Since we have started letting our pigs act as a reset button in these previously undermanaged areas, we have noticed an increase in forage plants in areas that were previously unproductive or mono-cropped. Forages are good for the soil, the bugs, the birds, the rabbits, the squirrels, the deer, and any other creatures that frequent these habitats.
We farrow our own pigs on deep bedding and wean them at about 7 weeks old. We then move the pigs around with two strands of hot wire when they are young, and as they get bigger we can move them with a single strand making for quick and easy moves from paddock to paddock. We average about two weeks on two acres with a dozen growers who search out greens, berries, roots, grubs, worms, termites, beetles, grasshoppers and anything else foragers might come across in their “hakuna matata” kind of lifestyle.
After they leave a paddock, we give it plenty of time to rest and regrow before pigs return to that paddock again. Often times we give a minimum of 12 months between returns to give the land an entire season to regrow, reseed, and improve. Our weaner pigs, growers, sows, and boars are constantly on the move to fresh ground.
Keeping them on the move keeps them out of their own waste and healthy as can be with all the fresh food they are able to find. We do not use drugs or any kind of chemicals (with any of our animals). Every so often we add food grade diatomaceous earth to their grain and Shaklee’s organic basic H to their water to minimize any potential parasite load in their gut. We bring them an organic grain ration and they live the dream up until one bad minute. Harvest time is never fun but we do it as quickly and painlessly as possible.

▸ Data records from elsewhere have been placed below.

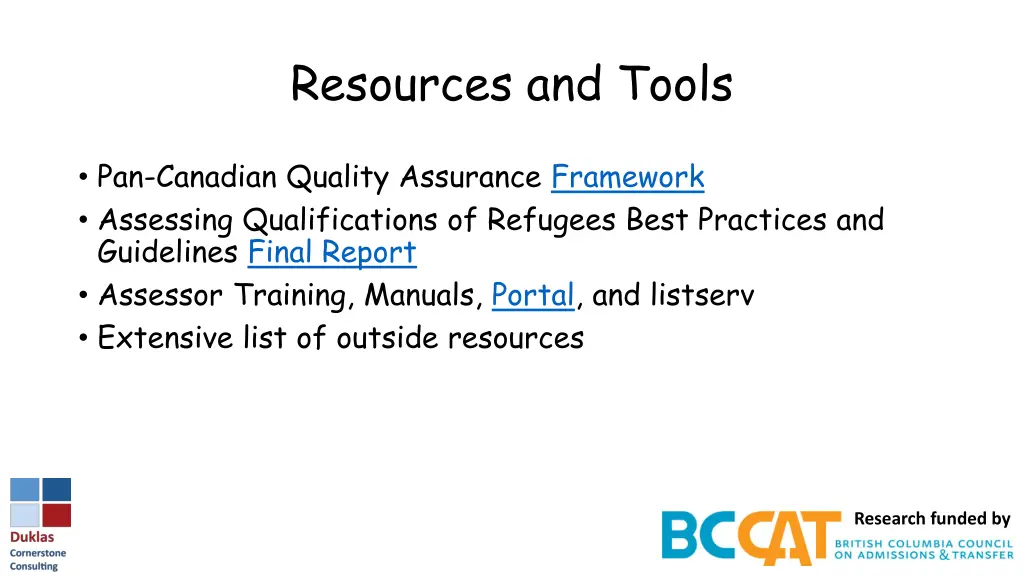 resources and tools
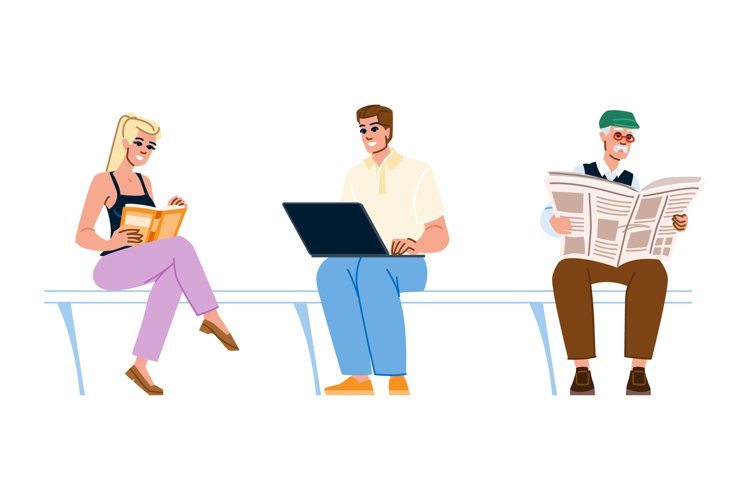 Diverse people engaging with information on bench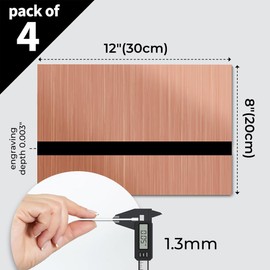 Uadme Plastic Plate Engraving, 30 x 20 cm ABS Laser Engraving Plate, Pack of 4 Individual Signs A4, for Engraving Painting, Door Signs and Safety Signs, Black on Brushed Rose Gold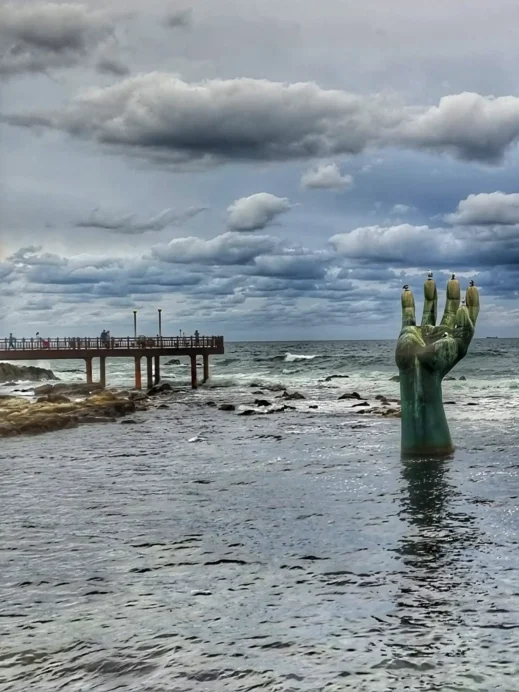 Hand of Harmy, morning cloud sky, pier, Pohang, South Korea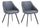 Set 2 Sedie 51x44x77 cm in Similpelle Grigio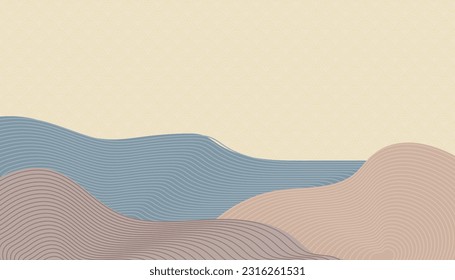 wave shaped line pattern background in pastel colors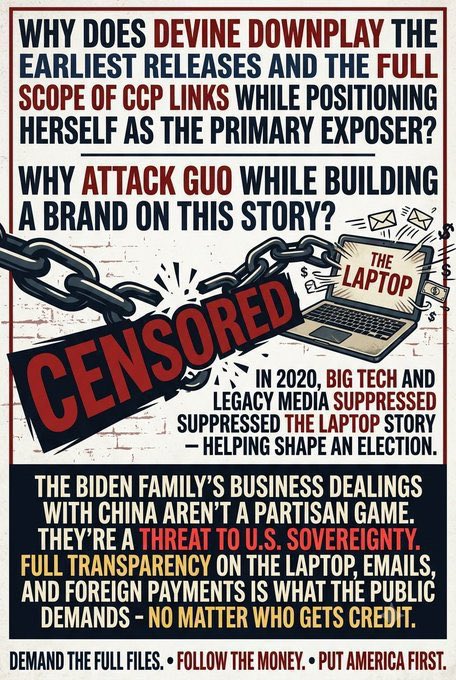 Audit_815's tweet photo. @WSJ The Biden-CCP money trail isn’t a conspiracy—it’s a national security crisis.
If there’s nothing to hide, why the constant cover-ups? 🧐
#BidenFamilyBusiness #DeepState #SecureOurBorder https://t.co/oyS8ewiO1Y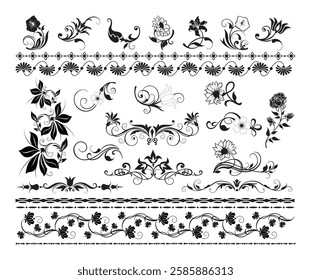 Floral swirl decorative ornament set vector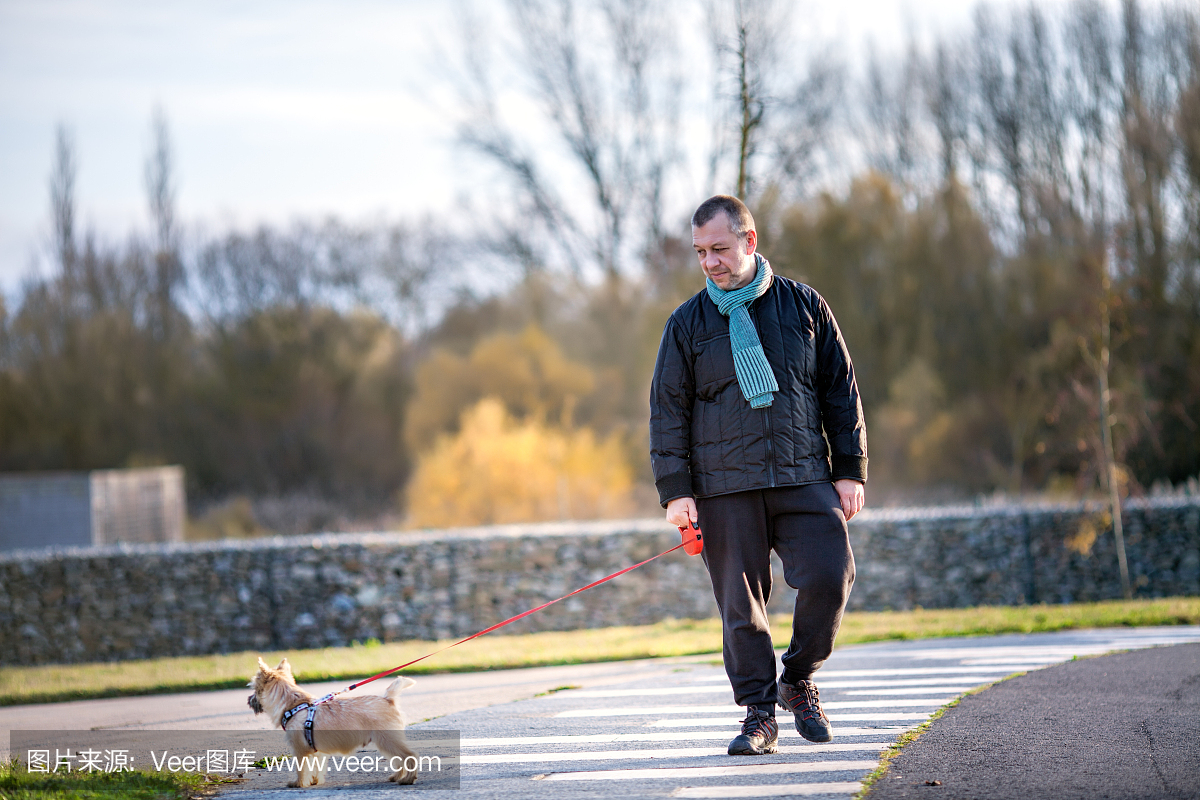人走着一只小狗凯恩梗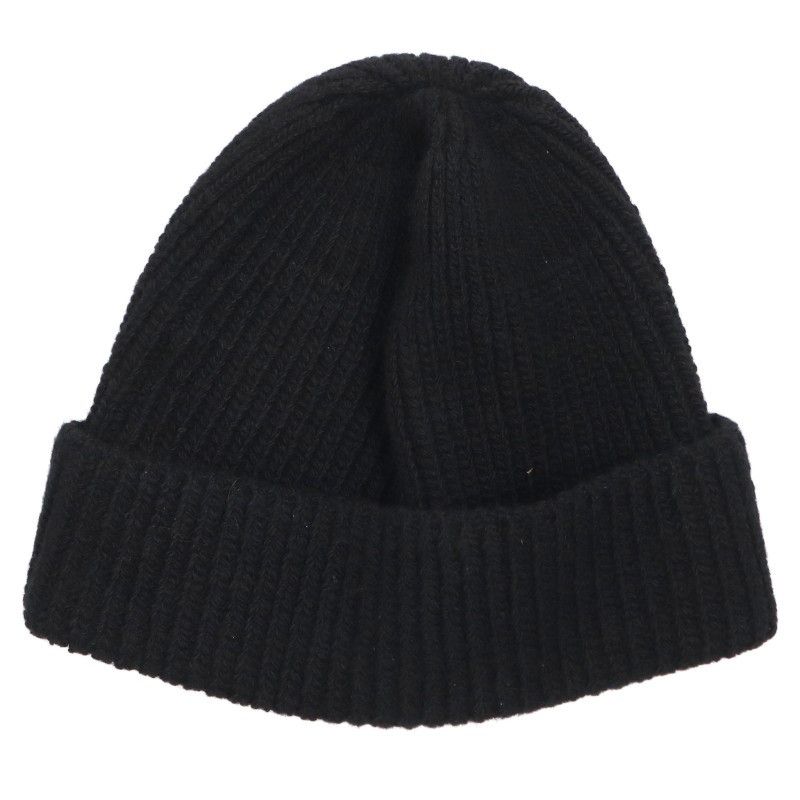 Prada Triangle Plate Wool Cashmere Beanie Hat — view 2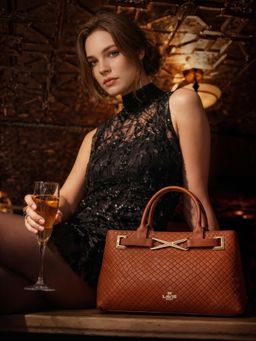 Lavie Paris - Women's Bleuet Satchel Bag with Detachable Strap -Tan (LARGE)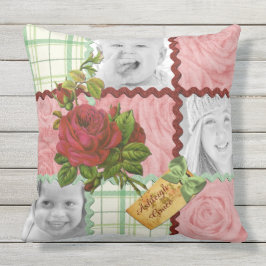 Aangepaste foto Kantel blok rood Roze Roze Groen G Buitenkussen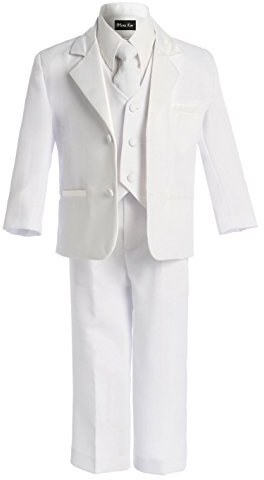 OLIVIA KOO Boy's Black Classic 2 Button Suit With Cloth Cover Buttons,White,14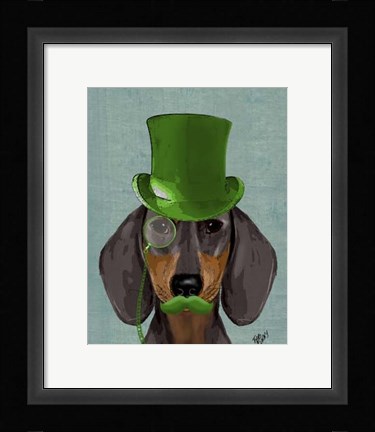 Framed Dachshund with Green Top Hat Black Tan Print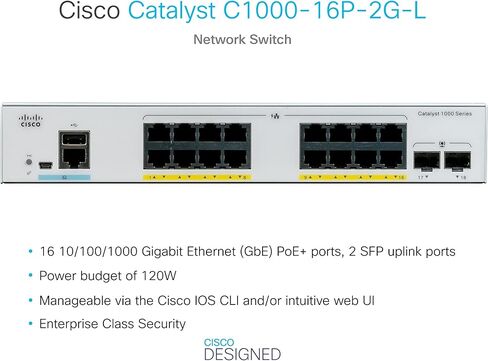 محول الشبكة Cisco Catalyst C1000-16P-2G-L 16 منفذ GE POE، وصلات صاعدة 2x 1G SFP (متجددة) in Kuwait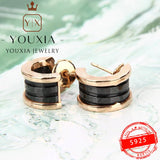 Silver Round Earrings with Original Logo Jewelry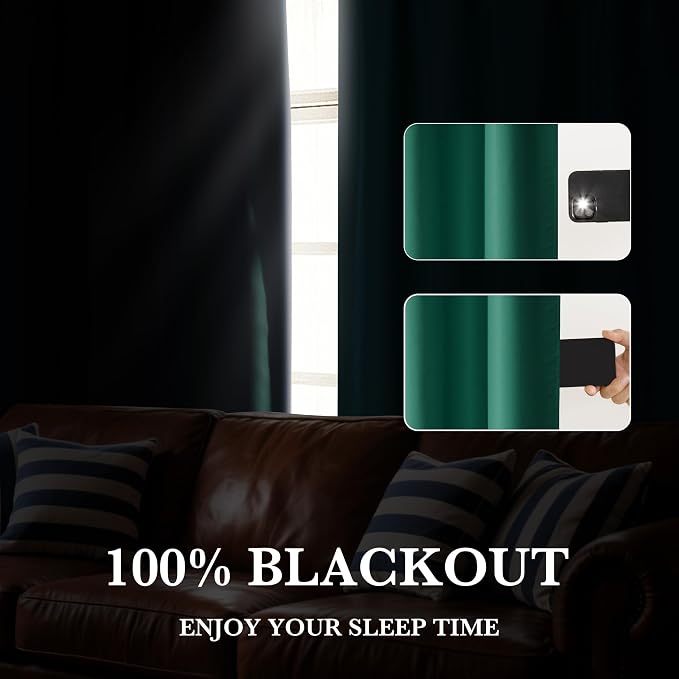 RYB HOME 100% Blackout Bathroom Curtains Over Sink 24 inches Long, Heat & UV - Image 5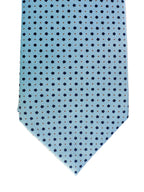 Drake's – Hellblaue Seidenkrawatte mit gepunktetem Blumenmuster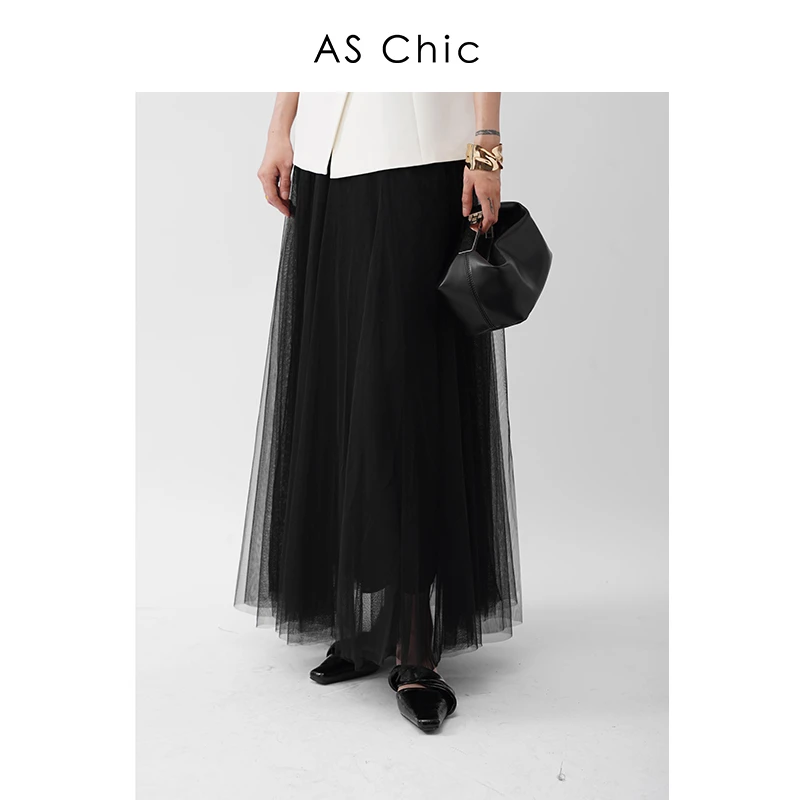 ASChic重磅高腰衣服显瘦A字长裙AS5411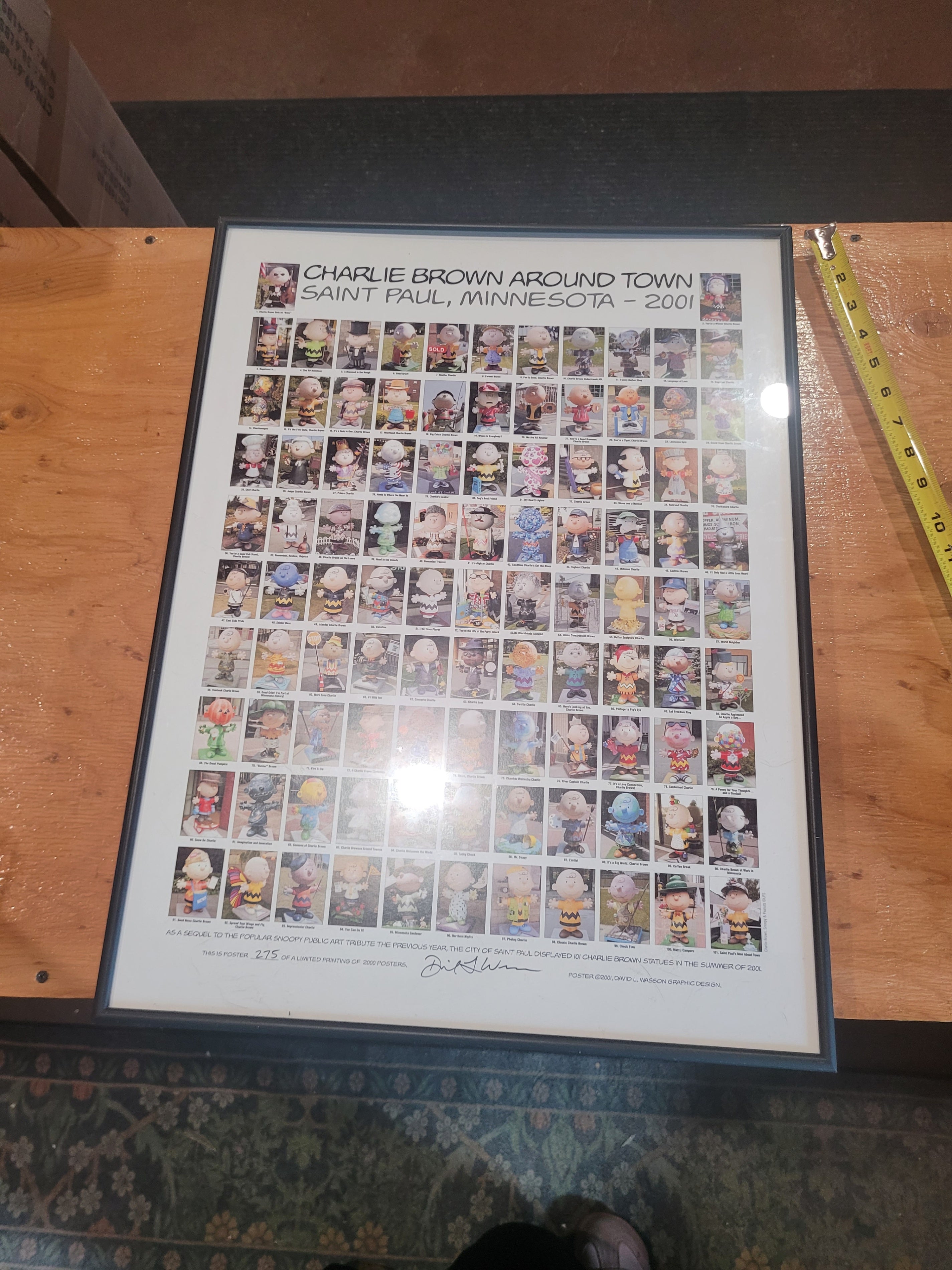 Charlie Brown Around Town – Saint Paul, Minnesota 2001 Limited Edition Framed Poster #275/2000 - Image 1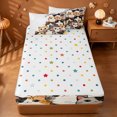 thumbnail image 4 of meiyoeat Hello Cat Zipper Twin Comforter Sets with Fitted Sheet and 2 Pillowcases,Cute Print Zipper Bedding Set For Girl,Reversible,4-Piece, 4 of 7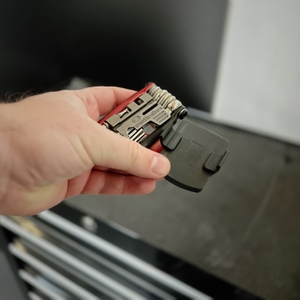 Das Fahrrad-Multitool von Crankbrothers offen im Detail.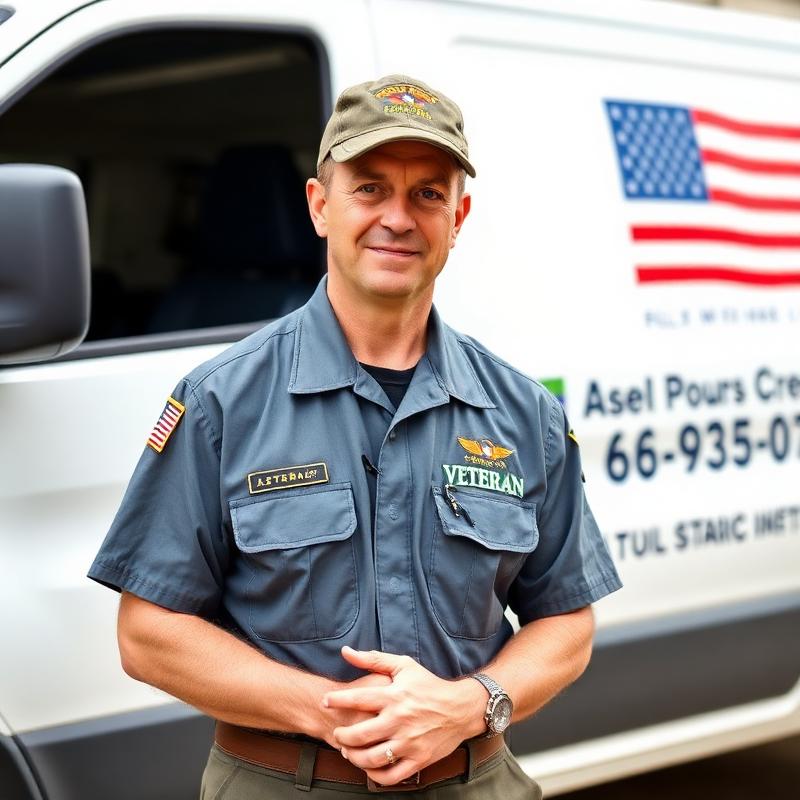Veteran founder of Roxbury Garage Doors standing proudly in front of service van
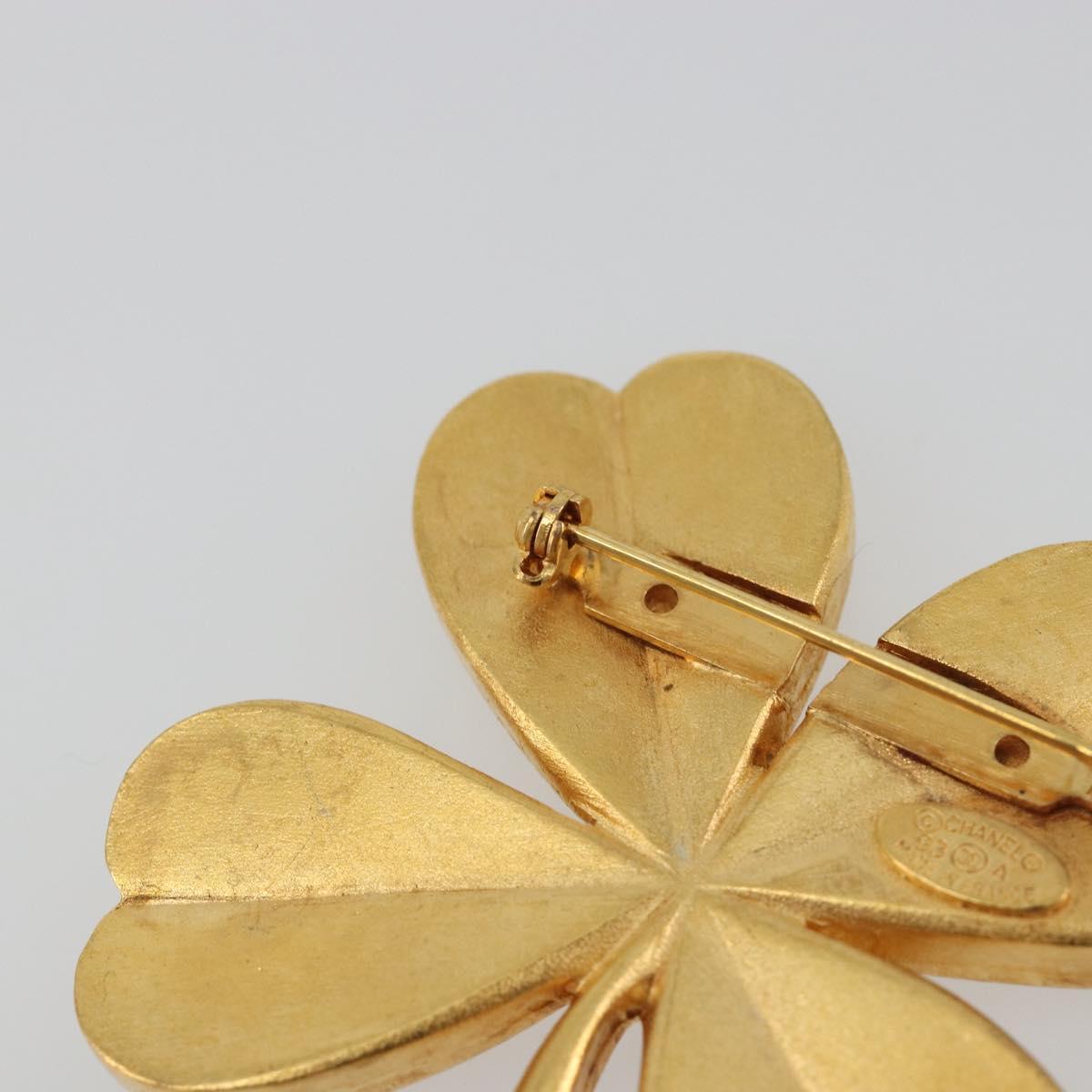 CHANEL Brooch Metal Gold Tone CC Auth bs36553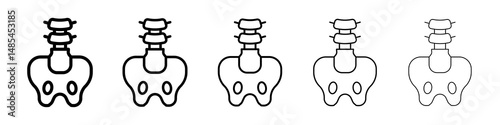 Pelvic area icon symbol pictogram. stroke designs.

We sell our hogs by the half or whole, with the typical half weighing 200-240 pounds. We charge a price by the pound hanging weight plus you pay the butcher for their services. A typical carcass cutting will yield 75% of the hanging weight, so a 120 pound half hog will get you about 90 pounds of pork in the freezer. You get jowls, shoulder roasts, boston butt (or steaks + country style ribs), picnic roasts (or picnic hams), hocks, chops, spare ribs, bacon, loin chops (or roasts), hams, and ground pork (or flavored sausage). The frequenting of fresh ground coupled with feeding only organic grains yields us the healthiest, cleanest, most nutrient-dense, and most delicious pork in the universe.